On Jan. 1 KLPD rates were slated to go up 2¢, to 8.5¢ per kilowatt hour. Staz told the Post in November that the average KLPD residential customer uses 750 kilowatt hours of energy per month, equating to an expected average rate increase of $15.43 per month.

“The energy industry as a whole is being challenged because of the high cost of production,” said Shea. “So, I’m excited about helping them [KLPD] find new sources of revenue. I will do my best to be a steward of the history of the district while simultaneously looking ahead to the future.”

Now, Arundel must look to the future as well.

“I believe that Todd has been very good for the town of Arundel. He’s a good-natured, level-headed individual and is very approachable,” said Dubois. “His enthusiasm has a way of brightening up the room and those traits have made him an excellent manager for the town of Arundel. Todd has done an excellent job in keeping taxes flat while continuing to push to build our capital projects fund for town infrastructure.

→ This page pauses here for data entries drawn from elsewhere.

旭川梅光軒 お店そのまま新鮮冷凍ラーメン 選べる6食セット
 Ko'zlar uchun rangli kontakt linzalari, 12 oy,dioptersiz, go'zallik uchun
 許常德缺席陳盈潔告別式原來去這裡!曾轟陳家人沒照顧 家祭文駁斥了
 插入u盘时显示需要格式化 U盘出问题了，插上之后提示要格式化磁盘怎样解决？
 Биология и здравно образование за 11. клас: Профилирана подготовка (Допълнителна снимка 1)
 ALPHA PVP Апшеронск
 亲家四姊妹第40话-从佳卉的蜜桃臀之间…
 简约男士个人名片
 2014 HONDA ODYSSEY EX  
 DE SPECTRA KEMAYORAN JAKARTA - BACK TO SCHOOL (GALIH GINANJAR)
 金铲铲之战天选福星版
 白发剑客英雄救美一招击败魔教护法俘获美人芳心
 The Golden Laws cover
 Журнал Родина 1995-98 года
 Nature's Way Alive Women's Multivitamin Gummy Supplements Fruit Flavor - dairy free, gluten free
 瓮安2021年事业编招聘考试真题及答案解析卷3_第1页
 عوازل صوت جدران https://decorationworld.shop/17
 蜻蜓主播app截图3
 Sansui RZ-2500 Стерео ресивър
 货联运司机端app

His services will truly be missed.”

Selectman Thomas Danylik said Shea submitted his resignation Dec. 22. His last day with the town will be Jan. 30.

Danylik, who spearheaded the last town manager search in Arundel, has already got the ball rolling on a new effort. A human resources consulting agency will be contracted to help with the selection process, he said.

“I’m not sure we’re going to have time to go through the formal bid process, but I have already contacted several firms and asked them to submit proposals,” said Danylik, “We’d like to have someone in here, the sooner the better, but you don’t want to make a hasty decision, either, in this context.

“I really anticipate that we’ll need an interim [town manager,” said Danylik, adding, “This is just my personal view, but I think the board was very satisfied with the work Todd provided and the direction he took us in.”

Asked what qualities he’d most like to see in Shea’s replacement, Danylik said it comes down to dollars and cents, along with a healthy supply of good ol’ common sense.

“First and foremost, I’m looking for someone with a handle on budgetary matters, someone who can handle personnel matters, and someone who can handle the public, and by handle I mean be respectful while at the same time implementing the policies of the board in way that is evenhanded to everybody.”

For his part, Shea is rooting for the town to find exactly that.

“Arundel it is great community,” he said. “Hopefully someone in this industry will see that and want to come here.”